[The data]
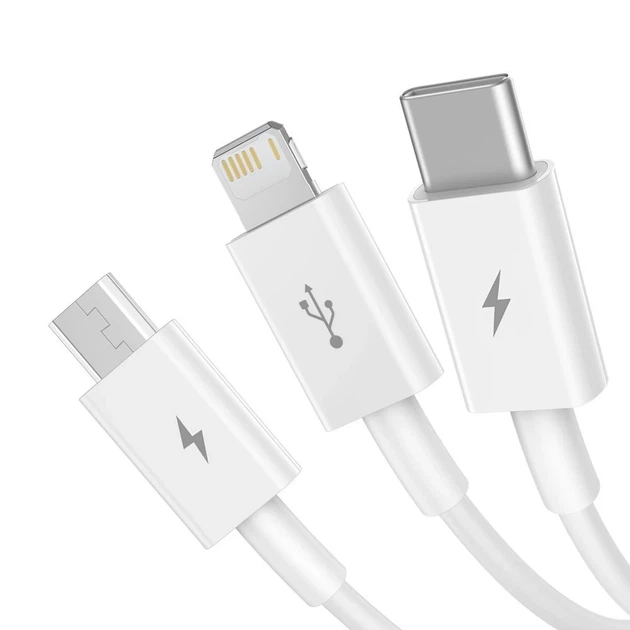 Кабель Baseus Superior Series Fast Charging USB-A to USB-C/Lightning/Micro-USB 1.5m White (CAMLTYS-02) - Фото 2 Кабель Baseus Superior Series Fast Charging USB-A to USB-C/Lightning/Micro-USB 1.5m White (CAMLTYS-02) - изображение 2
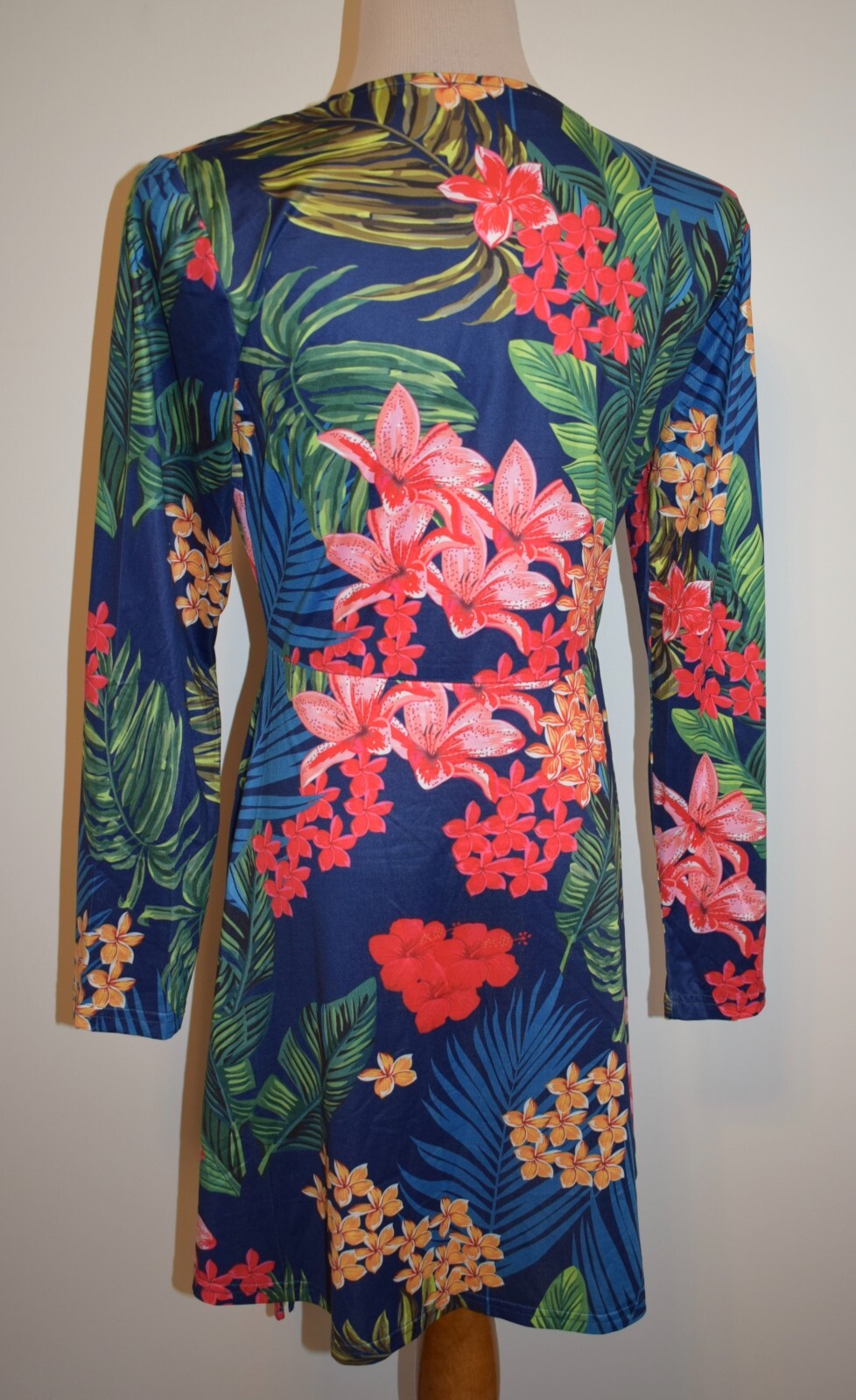 New Womens Noblemoon Dress Large Blue Floral Long Sleeve Coverup Sundress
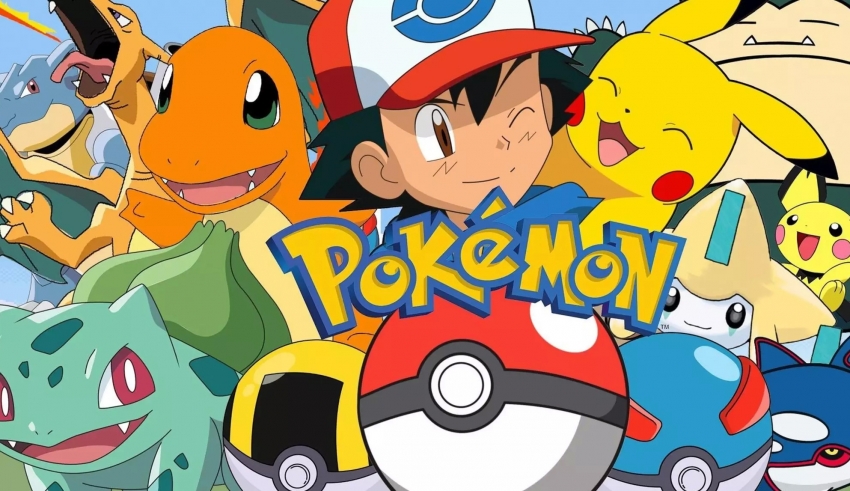 The pokemon characters are standing in front of each other.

[Problem to work on] Restate the data above word for word. Skip every picture.

[Your solution]
 Кабель Baseus Superior Series Fast Charging USB-A to USB-C/Lightning/Micro-USB 1.5m White (CAMLTYS-02) - Фото 2 Кабель Baseus Superior Series Fast Charging USB-A to USB-C/Lightning/Micro-USB 1.5m White (CAMLTYS-02) - изображение 2
 New Womens Noblemoon Dress Large Blue Floral Long Sleeve Coverup Sundress
 The pokemon characters are standing in front of each other.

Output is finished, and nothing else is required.